Divide using synthetic division $$ ( 2x^{4}-2 ) \div ( x-3 ) $$
The synthetic division table is:
$$ \begin{array}{c|rrrrr}3&2&0&0&0&-2\\& & 6& 18& 54& \color{black}{162} \\ \hline &\color{blue}{2}&\color{blue}{6}&\color{blue}{18}&\color{blue}{54}&\color{orangered}{160} \end{array} $$The solution is:
$$ \dfrac{ 2x^{4}-2 }{ x-3 } = \color{blue}{2x^{3}+6x^{2}+18x+54} ~+~ \dfrac{ \color{red}{ 160 } }{ x-3 } $$Step 1 : Write down the coefficients of the dividend into division table.

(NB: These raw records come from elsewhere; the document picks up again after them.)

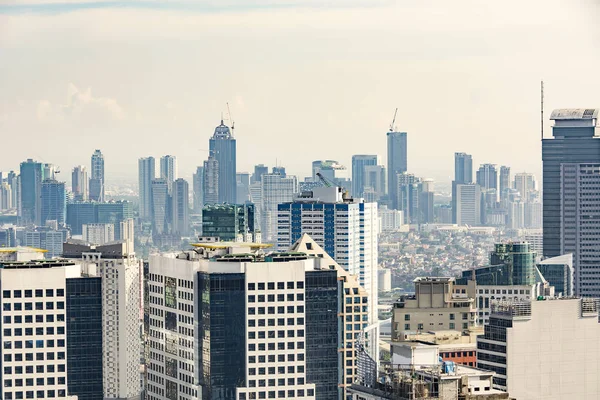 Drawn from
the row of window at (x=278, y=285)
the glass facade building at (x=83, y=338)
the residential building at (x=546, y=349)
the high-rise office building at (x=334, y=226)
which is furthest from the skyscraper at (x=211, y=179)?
the residential building at (x=546, y=349)

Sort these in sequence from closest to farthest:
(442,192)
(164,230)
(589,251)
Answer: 1. (589,251)
2. (164,230)
3. (442,192)

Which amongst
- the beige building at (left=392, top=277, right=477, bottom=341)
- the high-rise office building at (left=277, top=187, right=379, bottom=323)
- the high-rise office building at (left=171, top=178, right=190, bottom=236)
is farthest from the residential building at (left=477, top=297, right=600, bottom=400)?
the high-rise office building at (left=171, top=178, right=190, bottom=236)

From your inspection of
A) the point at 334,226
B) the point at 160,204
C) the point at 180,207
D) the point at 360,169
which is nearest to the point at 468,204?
the point at 360,169

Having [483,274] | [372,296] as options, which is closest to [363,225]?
[372,296]

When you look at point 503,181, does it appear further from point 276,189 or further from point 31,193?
point 31,193

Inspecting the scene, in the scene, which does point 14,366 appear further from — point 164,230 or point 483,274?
point 164,230

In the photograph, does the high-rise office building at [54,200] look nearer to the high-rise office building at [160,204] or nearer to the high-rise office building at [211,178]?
the high-rise office building at [160,204] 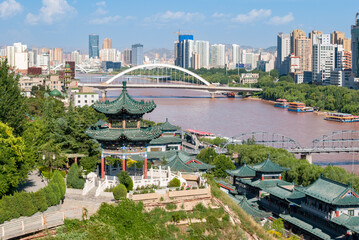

Put the zero from $ x -3 = 0 $ ( $ x = \color{blue}{ 3 } $ ) at the left.
$$ \begin{array}{c|rrrrr}\color{blue}{3}&2&0&0&0&-2\\& & & & & \\ \hline &&&&& \end{array} $$Step 1 : Bring down the leading coefficient to the bottom row.
$$ \begin{array}{c|rrrrr}3&\color{orangered}{ 2 }&0&0&0&-2\\& & & & & \\ \hline &\color{orangered}{2}&&&& \end{array} $$Step 2 : Multiply by the number on the left, and carry the result into the next column: $ \color{blue}{ 3 } \cdot \color{blue}{ 2 } = \color{blue}{ 6 } $.
$$ \begin{array}{c|rrrrr}\color{blue}{3}&2&0&0&0&-2\\& & \color{blue}{6} & & & \\ \hline &\color{blue}{2}&&&& \end{array} $$Step 3 : Add down last column: $ \color{orangered}{ 0 } + \color{orangered}{ 6 } = \color{orangered}{ 6 } $
$$ \begin{array}{c|rrrrr}3&2&\color{orangered}{ 0 }&0&0&-2\\& & \color{orangered}{6} & & & \\ \hline &2&\color{orangered}{6}&&& \end{array} $$Step 4 : Multiply by the number on the left, and carry the result into the next column: $ \color{blue}{ 3 } \cdot \color{blue}{ 6 } = \color{blue}{ 18 } $.
$$ \begin{array}{c|rrrrr}\color{blue}{3}&2&0&0&0&-2\\& & 6& \color{blue}{18} & & \\ \hline &2&\color{blue}{6}&&& \end{array} $$Step 5 : Add down last column: $ \color{orangered}{ 0 } + \color{orangered}{ 18 } = \color{orangered}{ 18 } $
$$ \begin{array}{c|rrrrr}3&2&0&\color{orangered}{ 0 }&0&-2\\& & 6& \color{orangered}{18} & & \\ \hline &2&6&\color{orangered}{18}&& \end{array} $$Step 6 : Multiply by the number on the left, and carry the result into the next column: $ \color{blue}{ 3 } \cdot \color{blue}{ 18 } = \color{blue}{ 54 } $.
$$ \begin{array}{c|rrrrr}\color{blue}{3}&2&0&0&0&-2\\& & 6& 18& \color{blue}{54} & \\ \hline &2&6&\color{blue}{18}&& \end{array} $$Step 7 : Add down last column: $ \color{orangered}{ 0 } + \color{orangered}{ 54 } = \color{orangered}{ 54 } $
$$ \begin{array}{c|rrrrr}3&2&0&0&\color{orangered}{ 0 }&-2\\& & 6& 18& \color{orangered}{54} & \\ \hline &2&6&18&\color{orangered}{54}& \end{array} $$Step 8 : Multiply by the number on the left, and carry the result into the next column: $ \color{blue}{ 3 } \cdot \color{blue}{ 54 } = \color{blue}{ 162 } $.
$$ \begin{array}{c|rrrrr}\color{blue}{3}&2&0&0&0&-2\\& & 6& 18& 54& \color{blue}{162} \\ \hline &2&6&18&\color{blue}{54}& \end{array} $$Step 9 : Add down last column: $ \color{orangered}{ -2 } + \color{orangered}{ 162 } = \color{orangered}{ 160 } $
$$ \begin{array}{c|rrrrr}3&2&0&0&0&\color{orangered}{ -2 }\\& & 6& 18& 54& \color{orangered}{162} \\ \hline &\color{blue}{2}&\color{blue}{6}&\color{blue}{18}&\color{blue}{54}&\color{orangered}{160} \end{array} $$Bottom line represents the quotient $ \color{blue}{ 2x^{3}+6x^{2}+18x+54 } $ with a remainder of $ \color{red}{ 160 } $.